Primeira capital do Brasil, Salvador completa 474 anos de histórias que mudaram o Brasil
A Conjuração Baiana, o 2 de Julho e a Revolta dos Malês foram alguns dos acontecimentos que definiram rumos nacionais

Foto: Igor Santos/Secom PMS
Um arcabouço de histórias que mudaram o curso do Brasil: assim é a cidade de Salvador, que foi fundada em 1549 e completa 474 anos nesta quarta-feira (29).
Dentre os feitos históricos que aconteceram no município e reverberaram por todo o país, certamente destaca-se ter sido o começo de tudo: o Brasil foi descoberto na Bahia e teve Salvador como a sua primeira capital.
Primeira capital
Salvador foi escolhida como a primeira capital porque era à época a área de maior extração de pau-brasil e ainda porque era a principal produtora de açúcar.
“Em Salvador foi construída a primeira feitoria, que era uma estrutura para intercâmbio marítimo entre Brasil e a Europa, instalada pela Corte Portuguesa. Era uma área cercada por uma paliçada, onde fica atualmente o Forte de São Diogo, em que todo o pau-brasil extraído aqui era armazenado para ser levado para fora do país”, detalhou o historiador Ricardo Carvalho.
Salvador foi definida como a capital do Brasil pelo então governador-geral do país, Tomé de Sousa, por ordem do rei de Portugal, Dom João III. Com isso, foi construído o Palácio do Rio Branco, para ser a sede administrativa da cidade e a primeira sede do Império Português nas Américas.
Somente mais de 200 anos depois, em 1763, o título de capital brasileira foi transferido para o Rio de Janeiro.
Conjuração Baiana
Foi em Salvador que surgiu o segundo grande movimento emancipacionista, pelo fim do Império Português no Brasil. A Conjuração Baiana, também conhecida como Revolta dos Alfaiates, aconteceu entre 1798 e 1799, uma década depois da Inconfidência Mineira.
O movimento baiano era composto pelas camadas mais pobres da sociedade e por escravos. Tinham como líderes os alfaiates João de Deus e Manuel Faustino dos Santos Lira, além dos soldados Luís Gonzaga das Virgens e Lucas Dantas.

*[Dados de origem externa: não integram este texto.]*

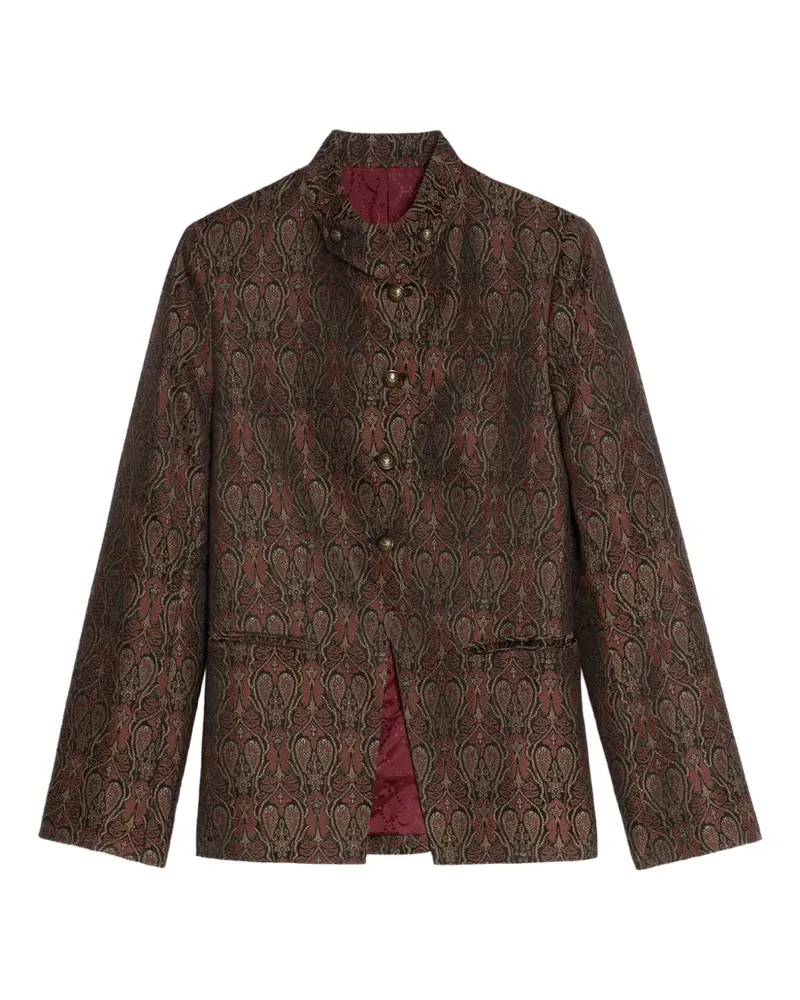 Zadig & Voltaire Verysa Blazer mit Paisley-Print - Braun Braun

A conjuração lutava pelo fim da escravidão, pela separação da Bahia da colônia portuguesa, pela instauração de uma República e pela igualdade social.
Em 1799, as tropas do governo foram enviadas para um confronto direto com os integrantes da revolta. Com armas e em maior quantidade, os oficiais contiveram os populares e diversos membros foram presos. Alguns deles foram condenados à morte logo depois.

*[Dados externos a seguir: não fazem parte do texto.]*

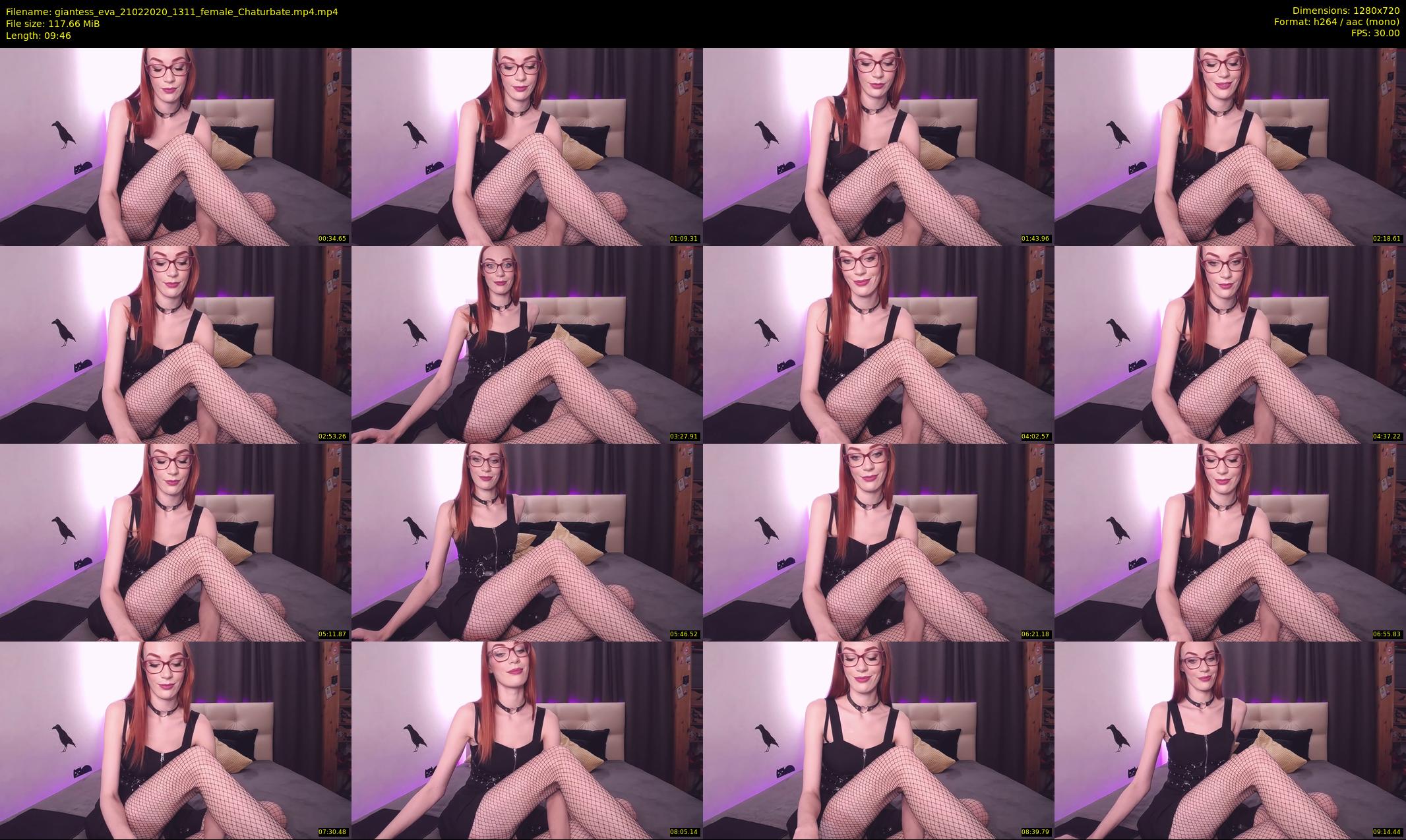 giantess_eva — 10 minute Chaturbate female cam show recording, 720p, Feb 21, 2020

“A Conjuração Baiana tinha cunhos verdadeiramente escravistas e fortemente vinculados ao apoio popular. Como consequência direta deste movimento, que influenciou diversos outros similares pelo resto do país, Salvador acabou sendo a sede da verdadeira Independência do Brasil”, explicou Ricardo Carvalho.
2 de Julho
Como efeito da Conjuração Baiana, um movimento separatista mais forte e mais organizado iniciou um combate sangrento em fevereiro de 1822 com as tropas do governo. Cerca de 15 mil soldados lutaram em cada lado e mais de 2 mil pessoas morreram.
Depois de um ano e cinco meses de guerra, em 2 de julho de 1823, os baianos expulsaram à força da Bahia os militares portugueses que haviam se recusado a deixar o estado após a Proclamação da República por Dom Pedro I, no ano anterior.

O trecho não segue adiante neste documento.